Rules for payment of Zakah
For payment of Zakah there are three conditions:
- Zakah is payable when a Muslim is in possession of wealth above the prescribed limit called “Nisab” that is 2.5 % of this possession.
- They must have possessed this money or the wealth above the prescribed limit for one whole year.
- The Zakah must be paid to those Muslims who are in need and deserve it, as laid down in the Quran and as explained by the Holy Prophet (PBUH).
The Rates of Zakah
Zakah needs only to be paid on those assets that exceed a prescribed limit or minimum value.

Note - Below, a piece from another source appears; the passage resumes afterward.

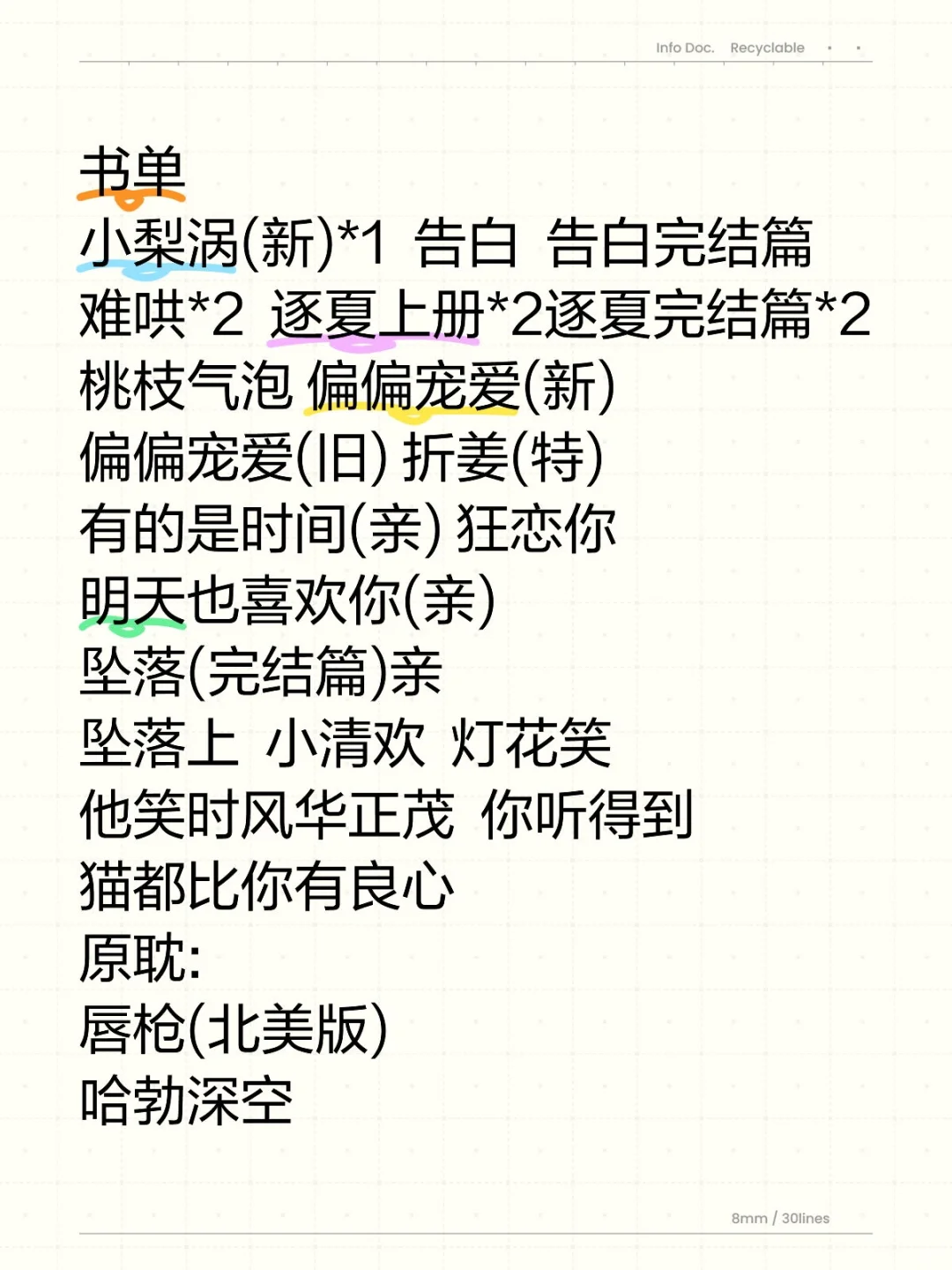 近期书单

This minimum value is calculated based on the market price of 85 grams of gold or 595 grams of pure silver. They must have owned them for one whole year and they must pay 2.5 % of the total possession.
Items on which Zakah is payable
- Rental Income
- Personal Income
- Gold and Silver
- Agriculture produce (Crop)
- Produce of Mines
Who are the Recipients of Zakat?
The Holy Quran classifies the due recipients of zakah under the following eight categories.
"Alms are for the poor and the needy, and those employed to administer the (funds); for those whose hearts have been (recently) reconciled (to the truth); for those in bondage and in debt; in the cause of Allah; and for the wayfarer: (thus is it) ordained by Allah, and Allah is full of knowledge and wisdom." (Surah Taubah: 60)
- The poor (Faqir/Fuqara)
those without any means of livelihood and material possessions.
- The needy (Masakeen)
Those without sufficient means of livelihood to meet their basic necessities.
- The administrators of Zakah (Aamil)
Those appointed to manage and administer zakah. This category is sub-divided into the following categories:
- The sympathisers (Muallaf)
Those who are inclined to enter or have already converted to Islam.
- To free slaves (Riqab)
Zakah can also be used to free slaves or captives.
- Those who are in debt (Gharimin)
Zakah can be used to pay off the debts of a person who has borrowed to pay for basic necessities so that he/she can lead a normal life. Zakah can also be distributed to those in financial difficulties e.g. bankruptcy due to the loss of employment and heavy debt.
- For the cause of Allah (Fisabillillah)
Zakah can be used to finance any form of struggle or work for the love of Allah. The following examples fall under this category, e.g. Da'wah; building & developing society's infrastructure; defending Muslims, who are being oppressed; assisting poor travelers and sponsoring a student's educational expenses.
- Those who are stranded during a journey (Ibnus Sabil)
Zakah can also be used to help a traveler facing difficulties in continuing his journey due to reasons such as loss of money or the break down of his vehicles, the repair of which he cannot afford.